EXERCISE PROMPT
Once every line below has been checked for "image", give only the number of lines that have it.

___ SUPPLIED DATA

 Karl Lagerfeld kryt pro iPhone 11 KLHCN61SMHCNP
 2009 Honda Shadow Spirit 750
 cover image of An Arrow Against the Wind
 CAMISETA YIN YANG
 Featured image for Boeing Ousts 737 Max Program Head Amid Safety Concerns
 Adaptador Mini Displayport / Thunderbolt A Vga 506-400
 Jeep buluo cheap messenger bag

______
___ SUPPLIED DATA

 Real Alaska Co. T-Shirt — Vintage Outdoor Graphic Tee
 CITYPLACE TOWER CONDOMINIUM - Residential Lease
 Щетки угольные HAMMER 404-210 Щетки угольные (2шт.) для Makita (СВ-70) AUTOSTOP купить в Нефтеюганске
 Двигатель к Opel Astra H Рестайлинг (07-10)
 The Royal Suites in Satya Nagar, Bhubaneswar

______
___ SUPPLIED DATA

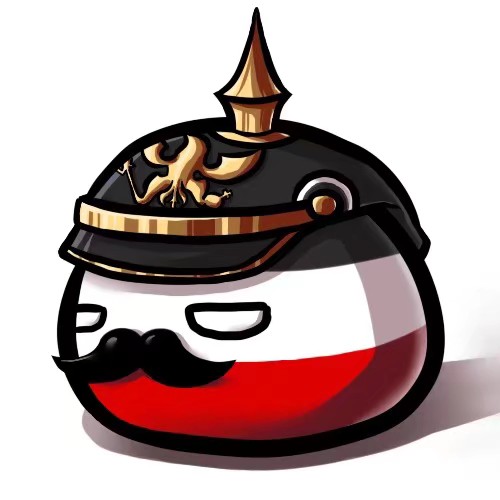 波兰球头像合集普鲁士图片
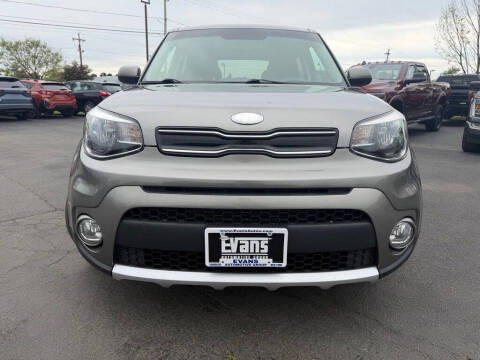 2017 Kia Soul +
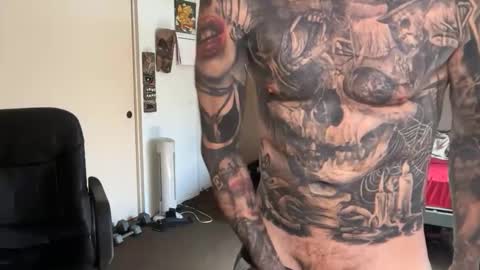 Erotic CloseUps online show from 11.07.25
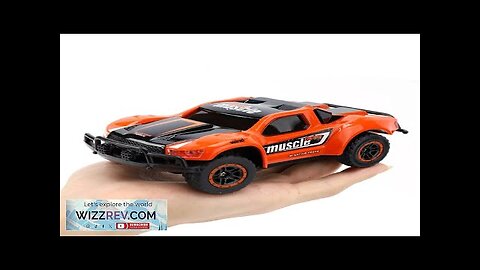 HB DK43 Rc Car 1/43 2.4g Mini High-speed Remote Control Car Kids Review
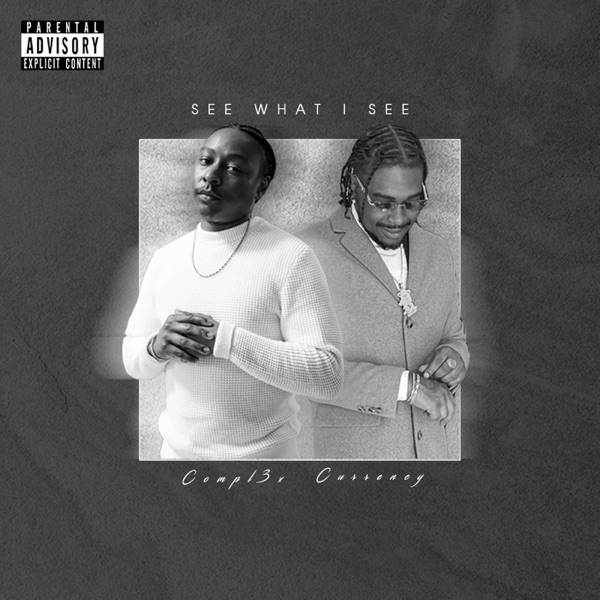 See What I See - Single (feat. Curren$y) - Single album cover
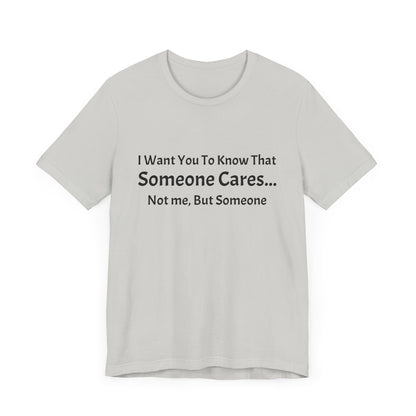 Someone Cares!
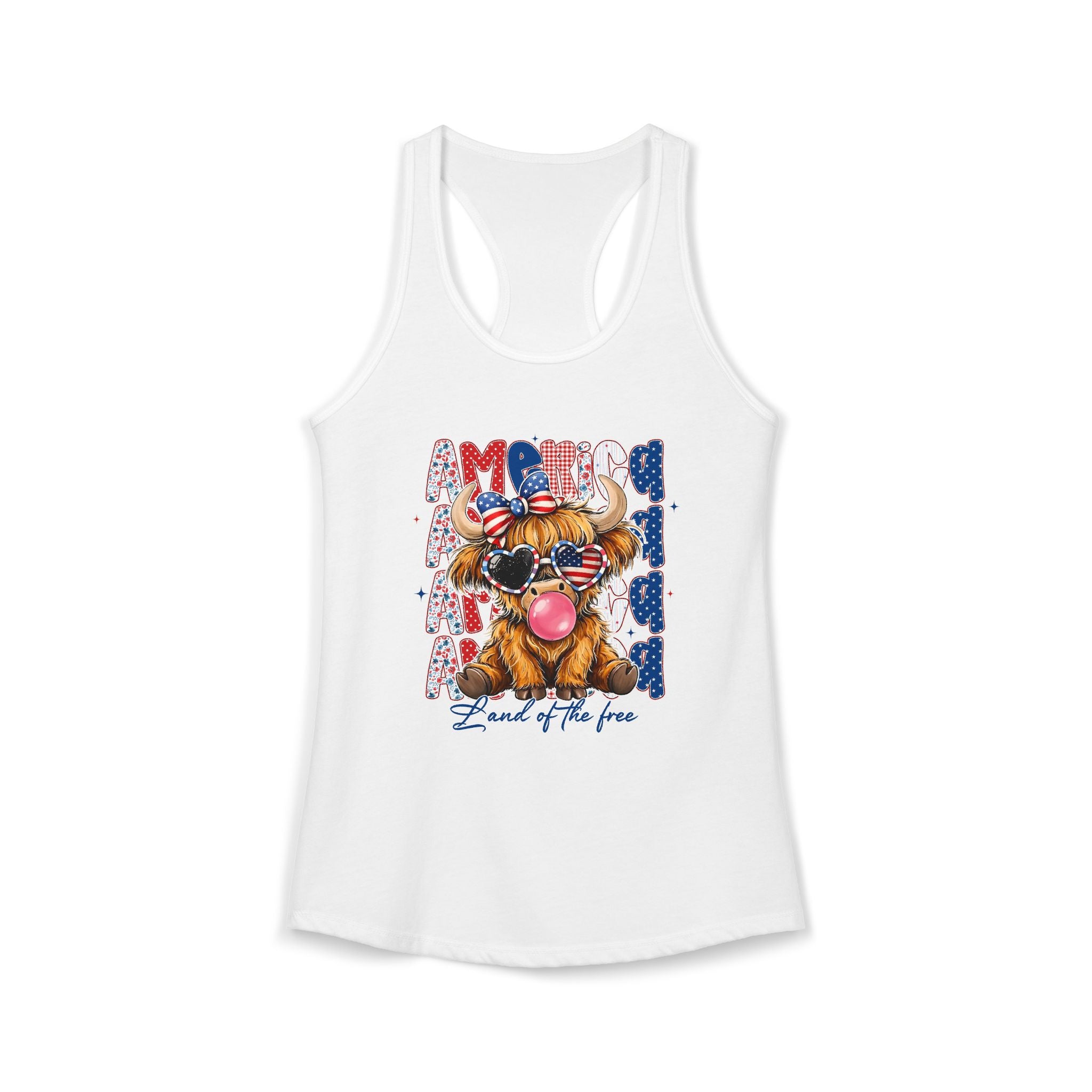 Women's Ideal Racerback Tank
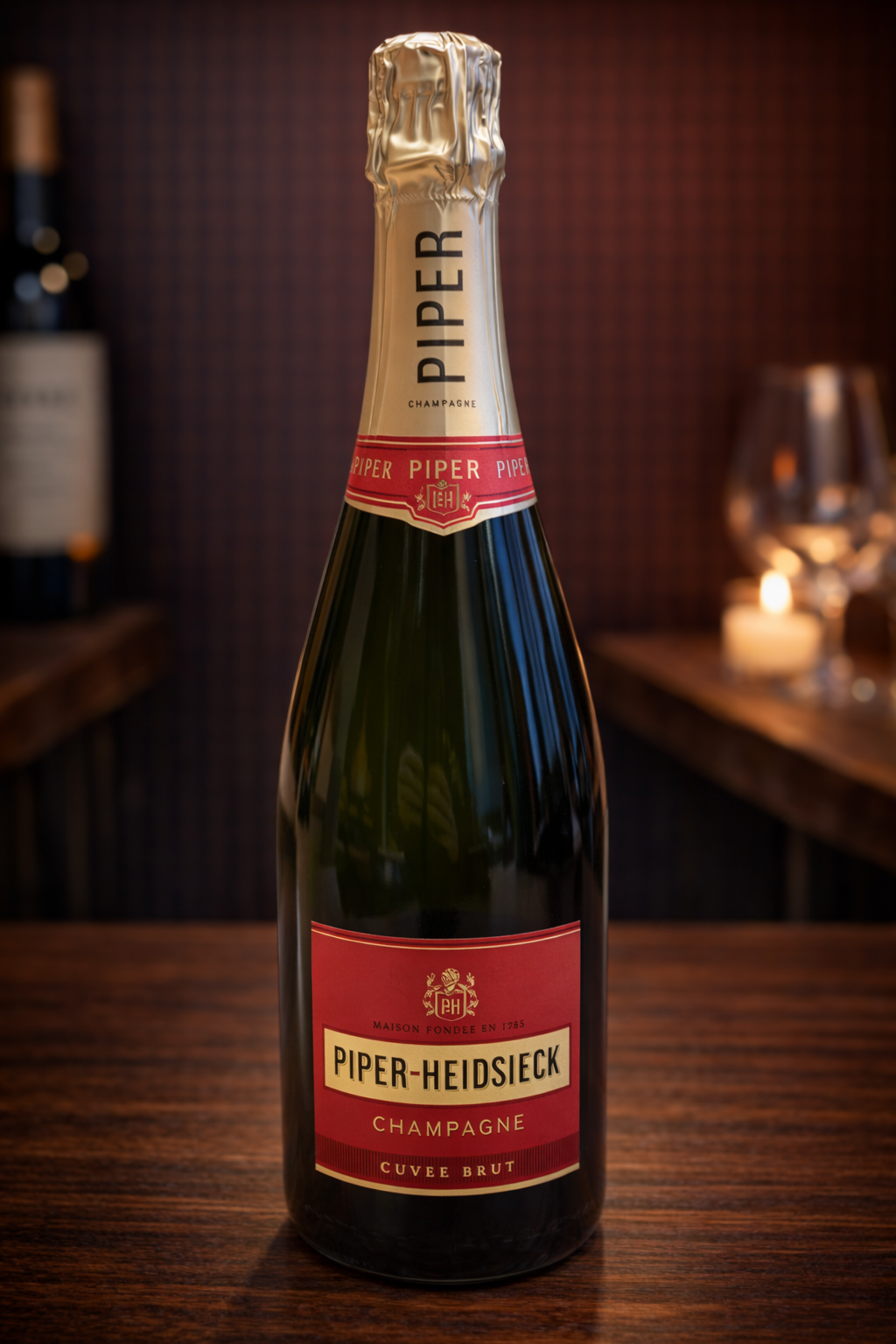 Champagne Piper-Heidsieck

______

SOLUTION
2